At age six, children enter a new social world in Year 1 where playground comparisons begin. They are developing the mathematical skills to count coins and the cognitive ability to understand that money is a limited resource used for making choices.

The transition into age six is a significant milestone for financial literacy. In Year 1, children are moving beyond the purely imaginative play of earlier years and starting to notice how the real world functions. They see their peers with new stickers or trading cards and begin to ask the big question: 'How do I get that?'

Did you know?
A golden window symbolizing the early window for learning money habits.

A study by University of Cambridge researchers found that many basic money habits are actually formed by the age of seven. This makes age six the 'golden window' for introducing positive financial behaviors.

How Much Pocket Money Should a 6-Year-Old Get?

The most common question parents ask is about the 'going rate.' In the UK, the typical range for pocket money for a 6-year-old is between £1 and £3 per week. While some families choose to give more, research often suggests that the specific amount matters far less than the consistency and the lessons attached to it.

Warren Buffett

Do not save what is left after spending, but spend what is left after saving.

Warren Buffett

Buffett is one of the most successful investors in history. His advice highlights the importance of making saving a conscious first step rather than an afterthought.

At this age, the goal is not to fund their entire lifestyle. Instead, the money serves as a training tool. It should be enough to buy a small treat or a pack of stickers, but not so much that they never have to wait or save up for something they really want.

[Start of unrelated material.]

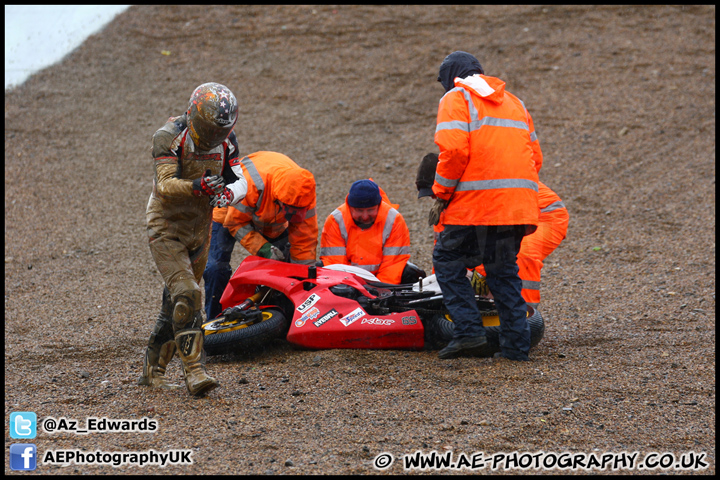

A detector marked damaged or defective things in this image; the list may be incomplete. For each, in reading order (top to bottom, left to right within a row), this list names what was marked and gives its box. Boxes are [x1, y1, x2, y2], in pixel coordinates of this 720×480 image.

Small amounts help teach the concept of scarcity: if they spend it all on Monday, it is gone for the rest of the week.

Mira

Mira says:

"I remember when my friend got a huge LEGO set for no reason. It felt unfair, but then my mum explained that we were saving our money for our summer holiday ice creams instead!"

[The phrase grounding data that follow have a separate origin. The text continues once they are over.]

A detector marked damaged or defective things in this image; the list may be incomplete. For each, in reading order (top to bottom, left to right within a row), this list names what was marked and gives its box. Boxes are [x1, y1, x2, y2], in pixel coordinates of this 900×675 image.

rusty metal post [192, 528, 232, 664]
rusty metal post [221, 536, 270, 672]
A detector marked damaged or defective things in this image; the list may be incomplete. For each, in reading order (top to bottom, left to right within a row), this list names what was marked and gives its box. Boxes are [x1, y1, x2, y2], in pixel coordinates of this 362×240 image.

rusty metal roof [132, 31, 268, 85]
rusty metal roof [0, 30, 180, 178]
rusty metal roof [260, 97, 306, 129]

Handling the 'Jake Gets More' Conversation

Comparison is the thief of joy, especially in the school playground. When your child mentions that a friend receives a much higher amount, it is a perfect opportunity to talk about family values without being preachy. You can explain that every family has a different budget and different rules for how money is used.

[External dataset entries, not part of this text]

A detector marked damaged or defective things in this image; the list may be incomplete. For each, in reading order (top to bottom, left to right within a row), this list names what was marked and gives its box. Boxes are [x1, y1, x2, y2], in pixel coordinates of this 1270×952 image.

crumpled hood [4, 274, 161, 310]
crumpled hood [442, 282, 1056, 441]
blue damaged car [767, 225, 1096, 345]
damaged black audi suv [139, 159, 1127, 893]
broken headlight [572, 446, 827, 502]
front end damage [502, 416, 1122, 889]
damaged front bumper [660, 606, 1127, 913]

Focus the conversation back on what your child can do with their money. If they feel their £2 is 'small,' help them visualize what that £2 can actually buy. This shifts the focus from a social ranking to personal purchasing power. You might say, 'In our family, we think £2 is the right amount to help you learn how to choose between a snack or saving for that book you liked.'

Two sides
The 'Allowance' View

Teaches that money is a tool everyone in the family gets to practice with, regardless of their ability to do chores.

The 'Earned' View

Teaches the economic reality that money is earned through labor and helps prevent a sense of entitlement.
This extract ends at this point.